Universities facing cash crisis as mass layoffs, closure of satellite campuses loom
The government can no longer afford to fund university education. Treasury Cabinet Secretary John Mbadi says a drastic rescue plan is now on the table.
It includes staff cuts, the sale of satellite campuses, and a controversial funding model that could lock out thousands of students from poor backgrounds.
The future of higher education in Kenya hangs by a thread, with the government admitting it is broke, leaving public universities gasping for breath under the weight of mounting debt.
Kenya’s public universities are on life support. Years of underfunding, unpaid salaries, ballooning debts, and large student numbers have pushed once-prestigious institutions to the brink.
Now, the government has formally sounded the alarm, announcing an unprecedented overhaul to salvage the system.
This resolve has sparked uncertainty among university staff countrywide, whose jobs have been placed on the chopping block.
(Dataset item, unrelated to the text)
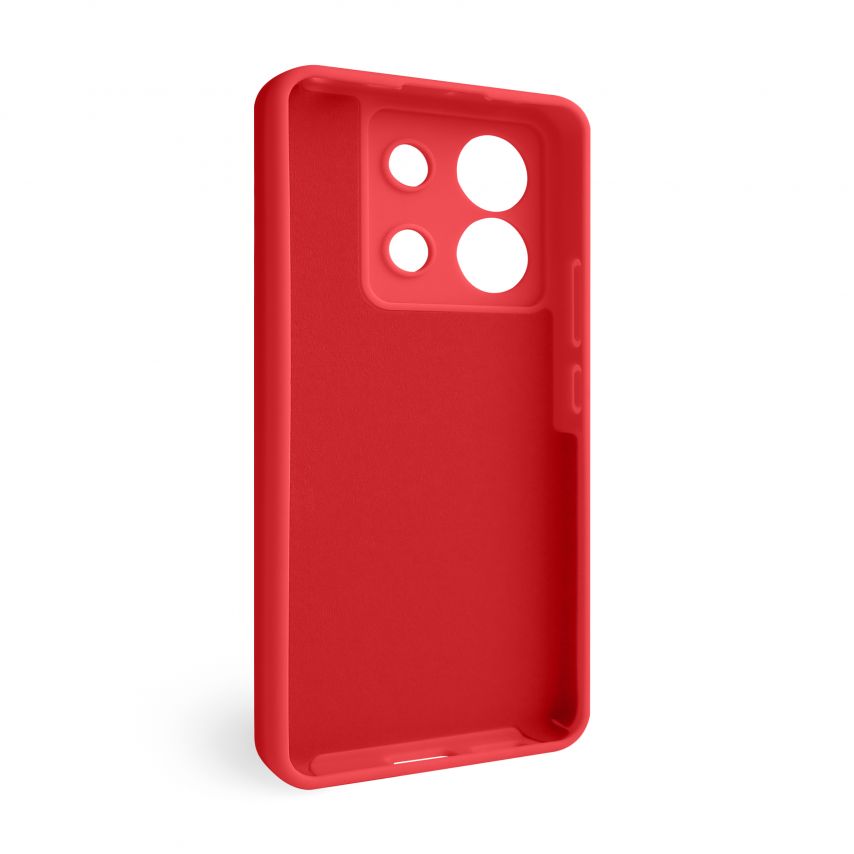 Case Full Silicone for Xiaomi Redmi Note 13 Pro 5G red (14) (without logo)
“The Ministry of Education, in collaboration with universities, is expected to develop a comprehensive reform strategy that will ensure financial sustainability within public universities. One—restructure public universities to reduce unnecessary administrative costs and measures of staff right-sizing and outsourcing of non-core services, and rationalising satellite campuses to dispose such assets to offset pending financial obligations among others,” said CS Mbadi.
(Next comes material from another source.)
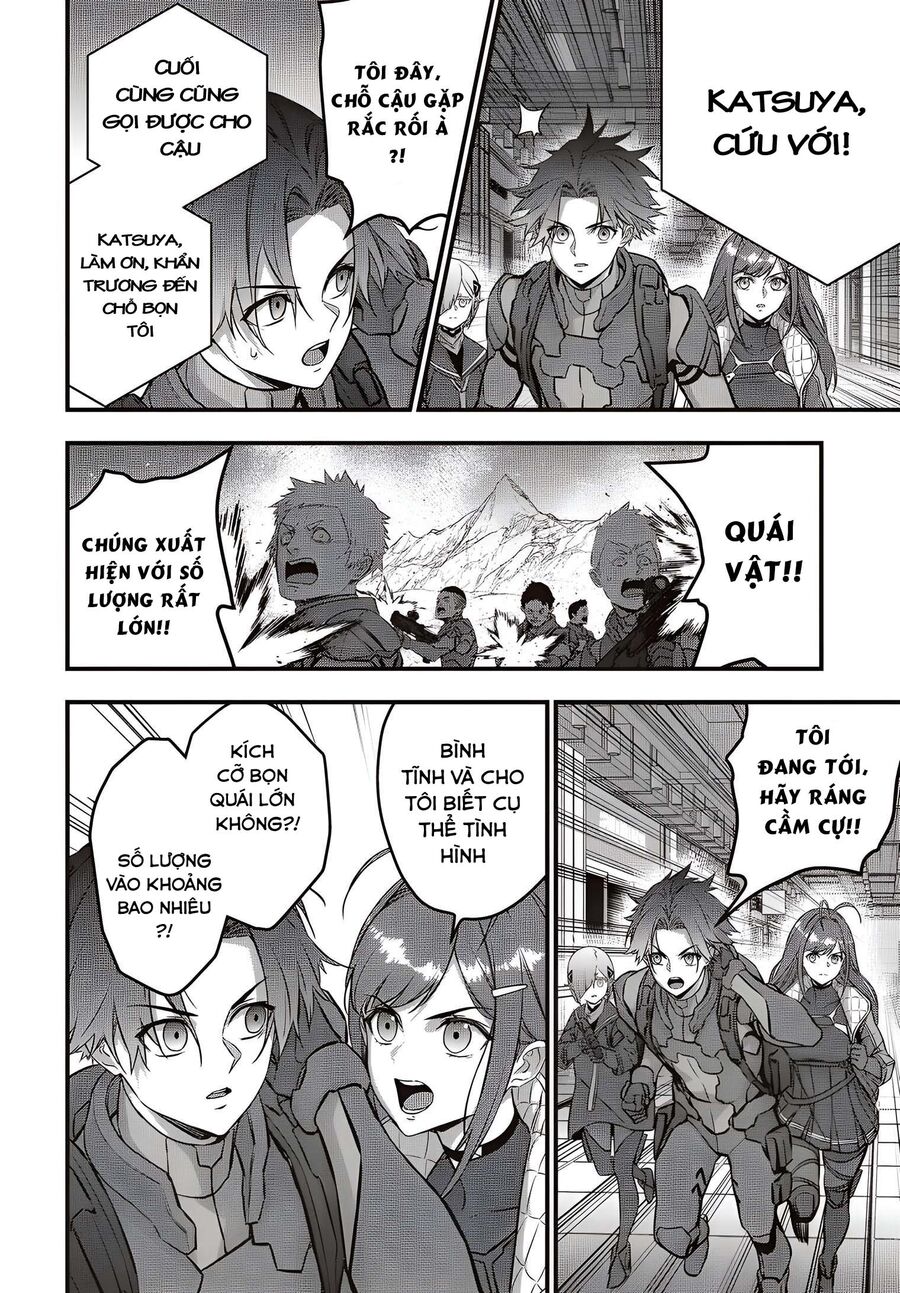 Rebuild World Chapter 55 - 4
But the touted reforms will come at a steep cost for university staff. Jobs will be lost. Entire campuses shut down. And worse, the future of thousands of young Kenyans from poor backgrounds now hangs in the balance.
Mbadi bluntly declared that the government cannot and will not continue financing university education at current levels.
“For a long time, we have been living a lie in the sense that we give our children to the universities to educate for free without funding. We have to be realistic and ask ourselves, do we continue living that lie or we can do differently,” he said.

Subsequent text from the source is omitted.